Pat Goodmann, head animal curator at Wolf Park in Battleground, Indiana weighs in on the film, “The Grey.” Pat was a guest column in the Lafayette Journal and Courier posted below:
“The Grey,” a movie about an oil drilling team stranded by a plane crash in the Alaskan wilderness that is hunted by a pack of wolves, was released today. Dearfilm.net calls it “a brutal, devastating treatise on nature and the divine, life and death.”
Wolves being portrayed inaccurately as vicious hunters is nothing new, but that’s not why I wrote this. But did filmmakers get away with ignoring basic ethical standards of animal treatment?
“The Grey” is not just a film that shows actors killing wolves on the screen. For the filming, four wild wolves that had been trapped and killed in Canada were utilized, according to The Province. Meat from two of those wolves was eaten on set.
Pat Goodmann, Wolf Park’s primary wolf curator, contributes her two cents in a guest column in the Lafayette Journal and Courier.
“Wolves being portrayed inaccurately as vicious hunters is nothing new, but that’s not why I wrote this. But did filmmakers get away with ignoring basic ethical standards of animal treatment?”
Dermot Mulroney, during an interview on “Jimmy Kimmel Live,” said that director Joe Carnahan had wolf meat served to the cast in the form of a stew and barbecue.
A source at the National Wolfwatcher Coalition informed Wolf Park that the animal handlers used on the set of the film were not on the approved handler list. On top of that, the film’s publicist, Liz Biber, was so unaware of how wild wolves react to humans that she asked Wolfwatcher if they could get OR-7, the first wild wolf to cross into California in 80 years, to walk the red carpet at the movie’s opening. A little ironic, considering that the film portrays wolves as violent mankillers.
Do wild wolves pose a serious threat to humans? Just because an animal can potentially be dangerous doesn’t mean that it necessarily will be. Dave Mech, one of the top wolf researchers, says there were only about two dozen nonfatal attacks in North America on humans in the past century. Those wolves had not only become habituated to humans, but associated them with food.

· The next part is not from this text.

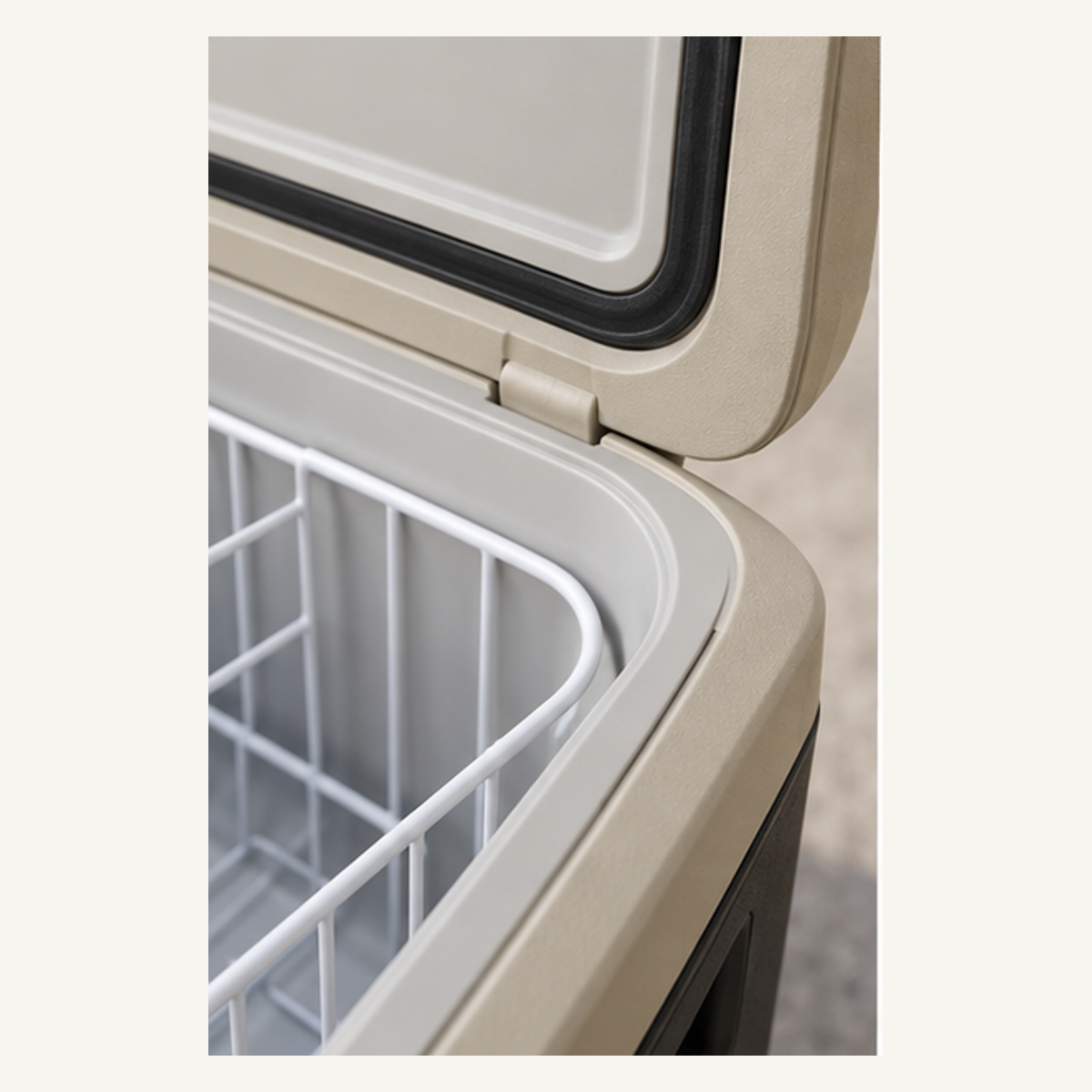 15L Compressor Car Refrigerator - gallery view 4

On Isle Royale, the late Purdue University professor, Durward Allen, started a research project on wolf and moose ecology more than 50 years ago, which continues today. Rangers, researchers and campers hike the island through wolf territories regularly. No humans have ever been harmed by the Isle Royale wolves.

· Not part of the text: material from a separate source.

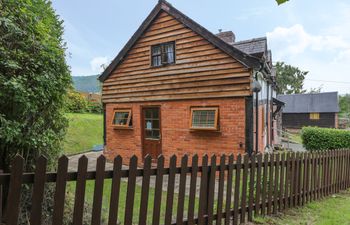 Caerau Farm House Holiday Cottage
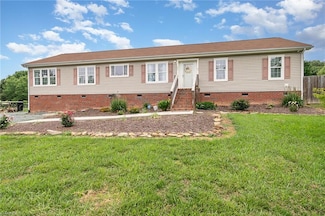 674 Frazier View Rd, Randleman, NC 27317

Using “The Grey” to understand wolves is like using Hannibal Lecter to understand humans. This film, which perpetuates the myth that wolves and humans cannot coexist, is being released at a time when wolves have been taken off of the endangered species list. We fear that conservation efforts will be hindered by misinformation disseminated by popular fiction such as “The Grey,” and, of course, Wolf Park deplores harming of animals for human entertainment.”
**Special thanks to
Jconline.com for providing this information (http://www.jconline.com/article/20120127/OPINION03/120126023/Guest-column-Can-t-get-past-ethical-Grey-area) and to Pat Goodmann, head animal curator of Wolf Park in Battle Ground for being guest column (http://blog.wolfpark.org/?p=652). Wolf Preservation supports Wolf Park so please visit their site!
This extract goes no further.